_Assignment_
Return the lines of the data below starting at the one holding "M-Tac Outdoor &" and ending at the one holding "Rear view of man standing on beach", word for word, leaving every picture out.

'''

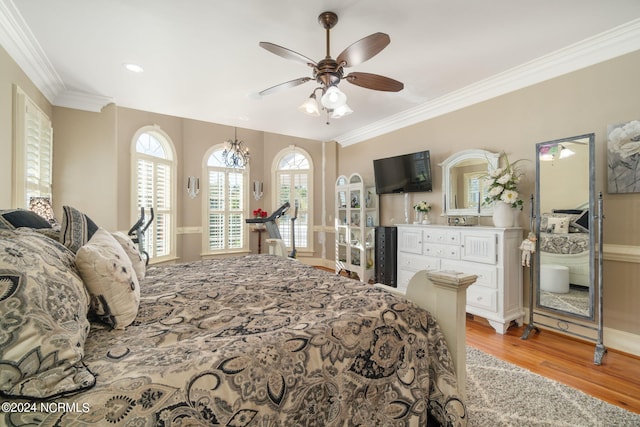 bedroom featuring crown molding, light hardwood / wood-style flooring, and ceiling fan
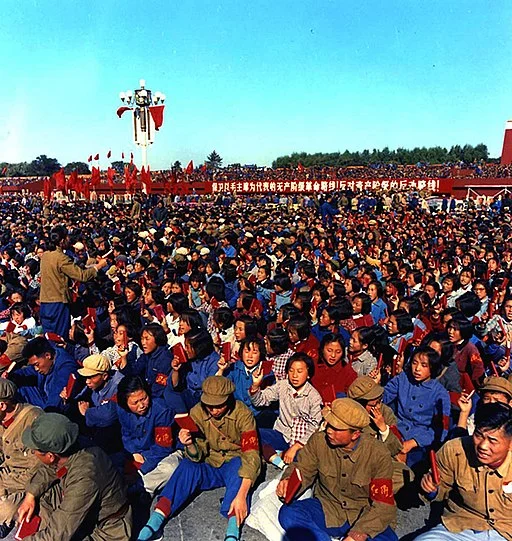 Image: Red Guards Waiting in Tiananmen Square , 1966. Public Domain via Wikimedia Commons . Thumbnail Image: Spectators in front of a large sign on Nixon's motorcade route in China , 1972. Public Domain via Wikimedia Commons .
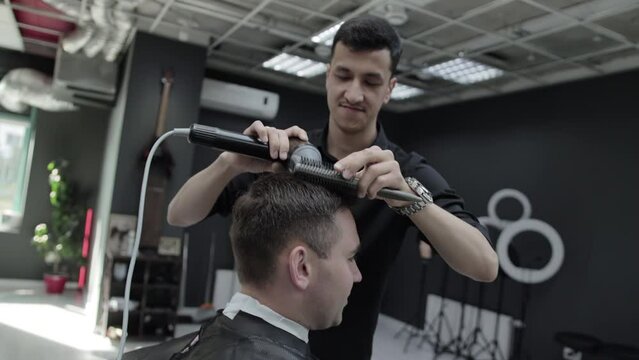 Handsome male brunette hairdresser styles the hair of a male client with a hairdryer and comb in a barbershop. Slow motion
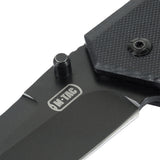 M-Tac Outdoor & Militær taittoveitsi - Type 5, lähikuva G10-komposiittikahvasta, näkyvä ruostumaton terä ja logo.
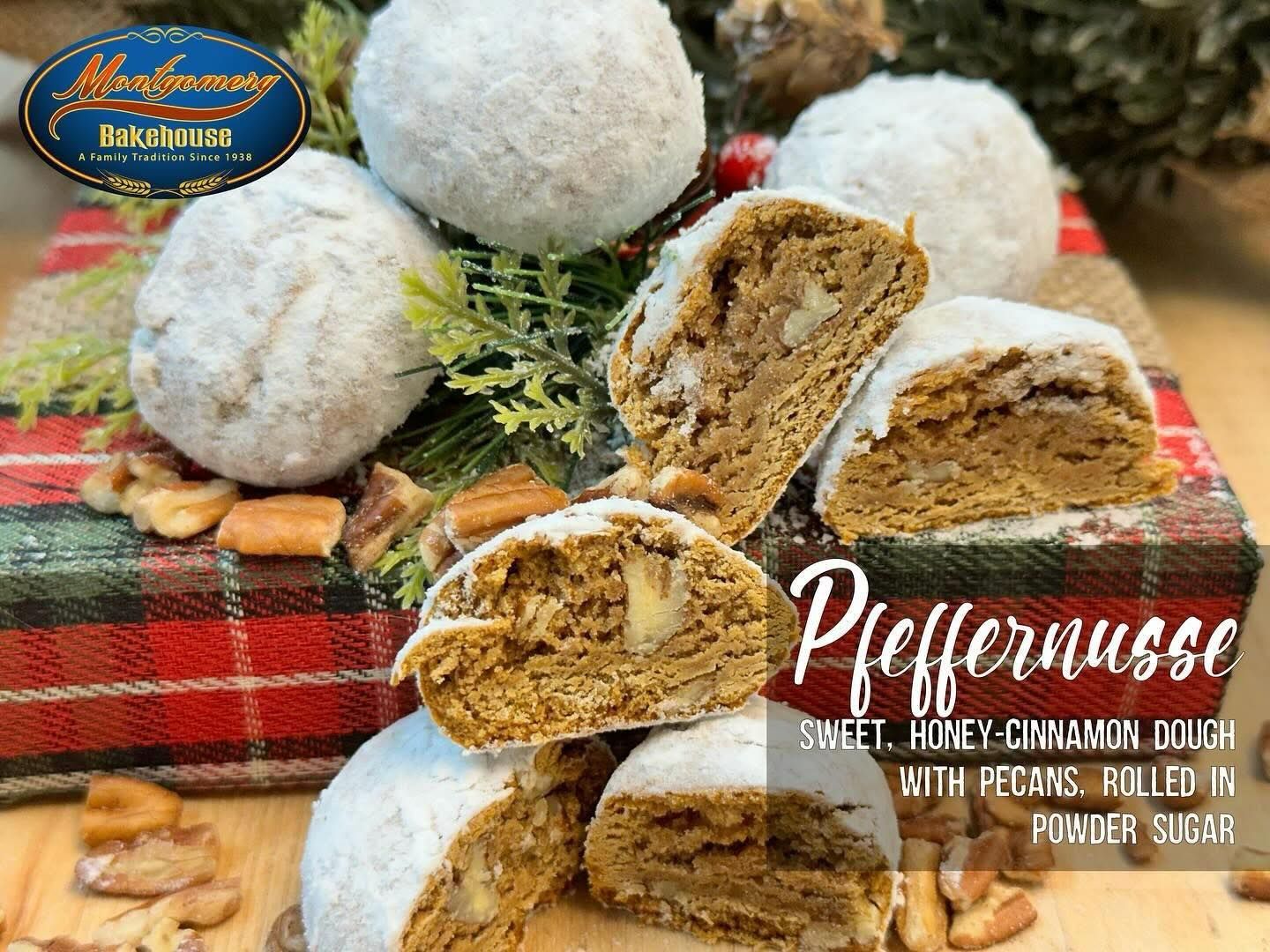 Pfeffernusse cookies dusted with powdered sugar, cut to show pecan filling, arranged on plaid fabric and greenery.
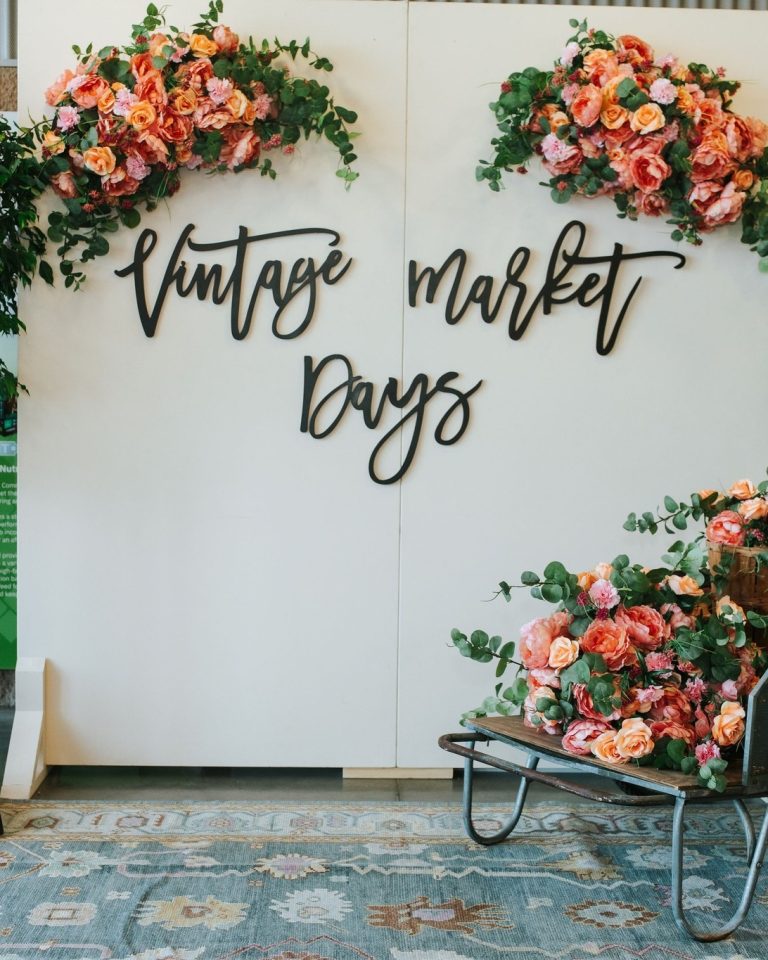 Vintage Market Days Lexington event sign with floral decorations at vintage market vendor event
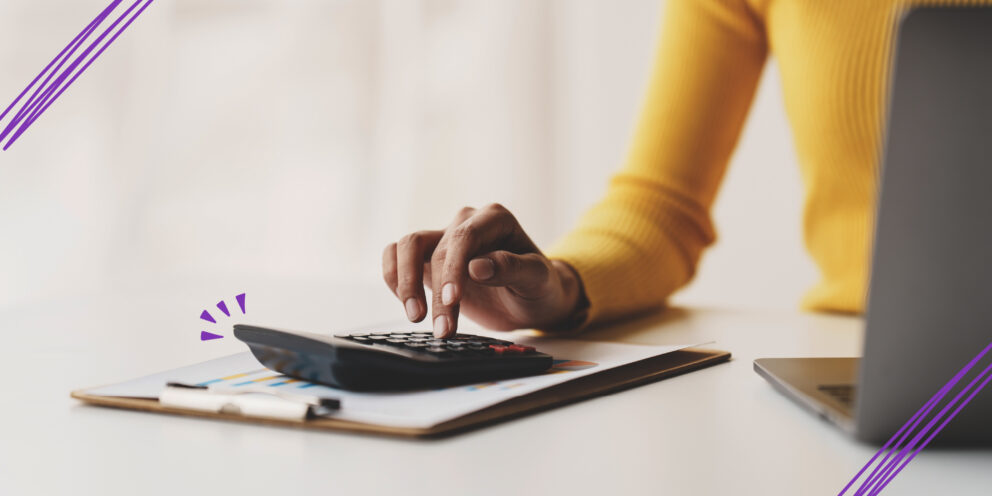 Accountant Working on Desk Using Calculator to Calculate Financial Report in Office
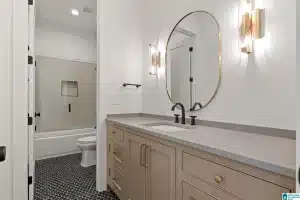 a bathroom with a mirror and a toilet
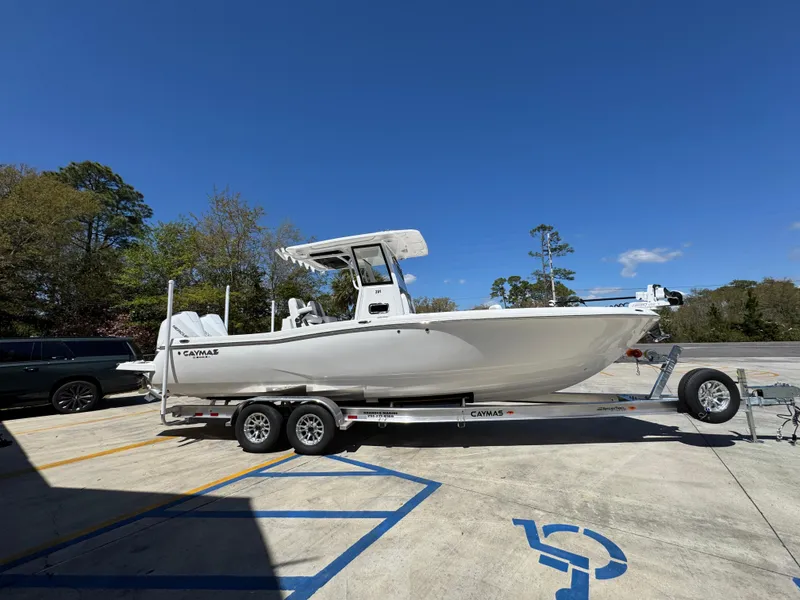 Slide: The Image of 2025 Caymas 291 boat on trailer in parking lot under clear blue sky. - 10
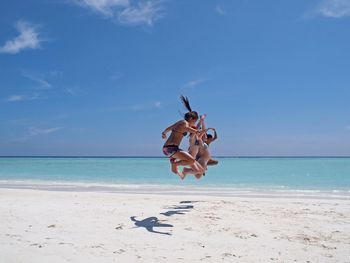 Rear view of man standing on beach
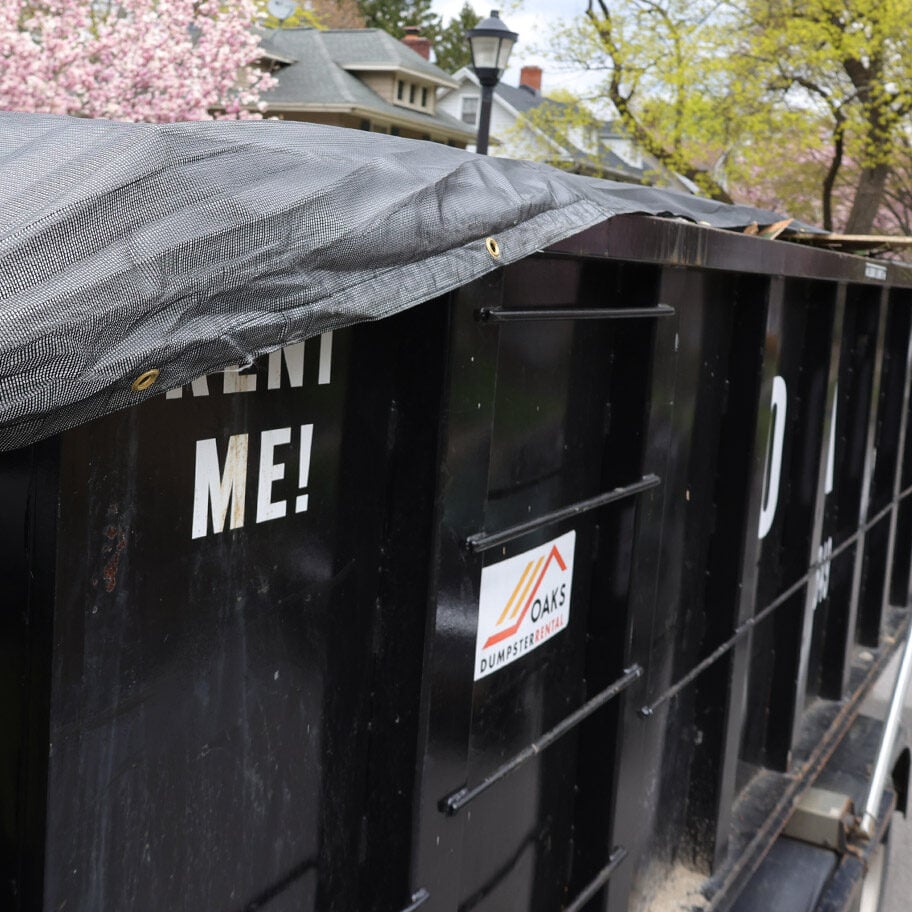 Black dumpster with gray tarp on residential street A black dumpster with a gray tarp on top sits on a residential street.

'''

_Solution_
 M-Tac Outdoor & Militær taittoveitsi - Type 5, lähikuva G10-komposiittikahvasta, näkyvä ruostumaton terä ja logo.
 Pfeffernusse cookies dusted with powdered sugar, cut to show pecan filling, arranged on plaid fabric and greenery.
 Vintage Market Days Lexington event sign with floral decorations at vintage market vendor event
 Accountant Working on Desk Using Calculator to Calculate Financial Report in Office
 a bathroom with a mirror and a toilet
 Slide: The Image of 2025 Caymas 291 boat on trailer in parking lot under clear blue sky. - 10
 Rear view of man standing on beach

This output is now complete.